Il regime italiano, dunque, ha l’effetto di consentire l’allungamento dei processi con ogni mezzo previsto dalle procedure, al fine di pervenire alla prescrizione del reato. Ciò che dimostra inequivocabilmente il timore della decisione nel merito.

Se ne deve dedurre che se l’effettività del contrasto alla corruzione misura la reale volontà della classe politica di perseguire un reato che da sempre indigna il cittadino onesto il quale percepisce che gli accordi illeciti tra amministratori, funzionari e imprenditori accrescono gli sprechi e, con essi, l’inefficienza dei servizi pubblici appaltati e la corretta realizzazione delle opere pubbliche, nel nostro Paese la lotta alla corruzione attende tempi migliori.

Il contrasto alla corruzione, tuttavia, non è solo un problema di repressione penale. La relazione dell’U.E. mette in risalto che l’Italia ha fatto un passo avanti attuando misure amministrative, di vigilanza e controllo, sull’attività delle amministrazioni pubbliche. Con qualche passo falso, tuttavia, come la mancata attribuzione di adeguati poteri alla Corte dei conti, controllore e giudice delle fattispecie di danno erariale, cioè dei maggiori costi di un sistema corrotto.

Così, tanto per fare un esempio, il decreto legge n. 174/2012, che ha previsto il controllo dei rendiconti dei gruppi consiliari regionali, finiti sui giornali di tutta Italia per le spese “non istituzionali” addebitate, è stato impugnato dai diretti interessati ed è sub iudice dinanzi alla Corte costituzionale.

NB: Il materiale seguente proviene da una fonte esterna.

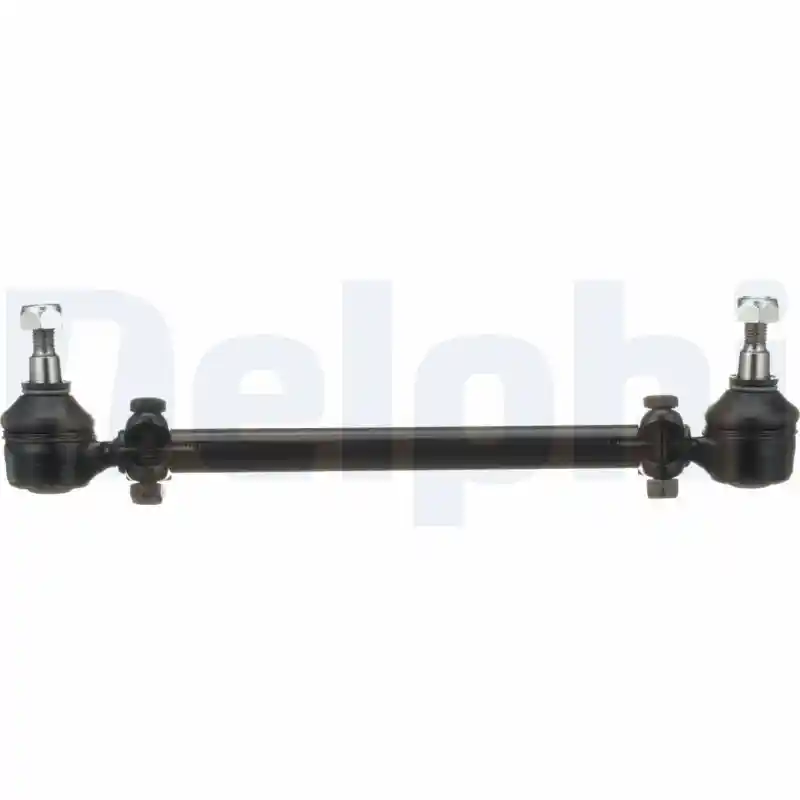 DELPHI TL343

Intanto il governo continua a non consentire il reclutamento di magistrati contabili che dovrebbero essere poco più di 600, mentre in servizio superano appena i 400, per controllare 16 ministeri, 20 regioni, più di 100 province, ed oltre 8000 comuni e giudicare su eventuali illeciti di amministratori e dipendenti.

E la gente che si chiede perché il Comune di Roma ha potuto indebitarsi come abbiamo letto in questi giorni. Forse non sarebbe accaduto se qualche segnale fosse giunto in Campidoglio. In modo tempestivo ed autorevole.

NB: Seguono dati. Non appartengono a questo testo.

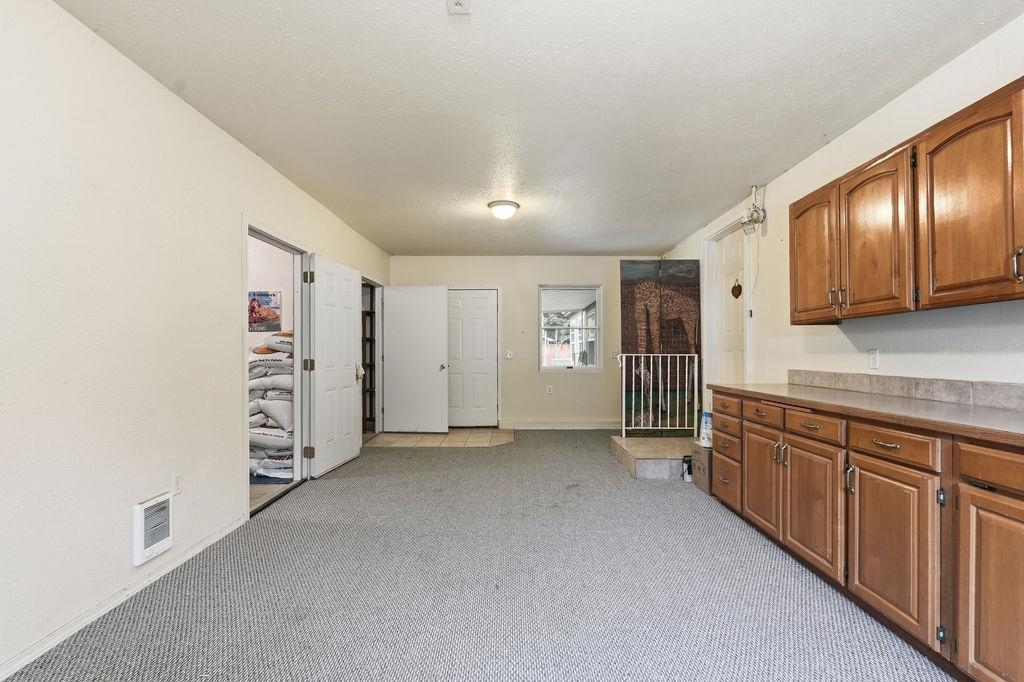 27609 N RIVER ESTATES Rd - Photo 26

Il fatto è che la classe politica è da sempre ostile al controllo di legalità e se, di tanto in tanto, sull’onda della indignazione popolare, si vede costretta a dettare norme più rigide di gestione e ad attribuire nuovi controlli alla Corte dei conti, al giro di boa di qualche mese sindaci e presidenti di regioni ricorrono alla Corte costituzionale o suggeriscono modifiche alle Camere in modo da annacquare i controlli, mentre si leggono sui giornali dichiarazioni intimidatorie di politici spregiudicati che censurano le iniziative dei magistrati contabili. Per non dire delle limitazioni che dal 2009 hanno frenato l’azione delle Procure regionali.

I politici contano da sempre sulla memoria dei cittadini, che ritengono labile. Sbagliando, perché le persone perbene, che sono sempre la maggioranza in questo Paese, memorizzano gli scempi ai quali assistono, sicché spesso si verificano sorprese nei risultati elettorali, com’è accaduto e come potrà ancora accadere se non si volterà pagina rapidamente, passando dalle parole ai fatti. Per dare a chi paga le tasse la soddisfazione di ritrovare nell’azione delle amministrazioni pubbliche quell’efficienza che sola può giustificarle.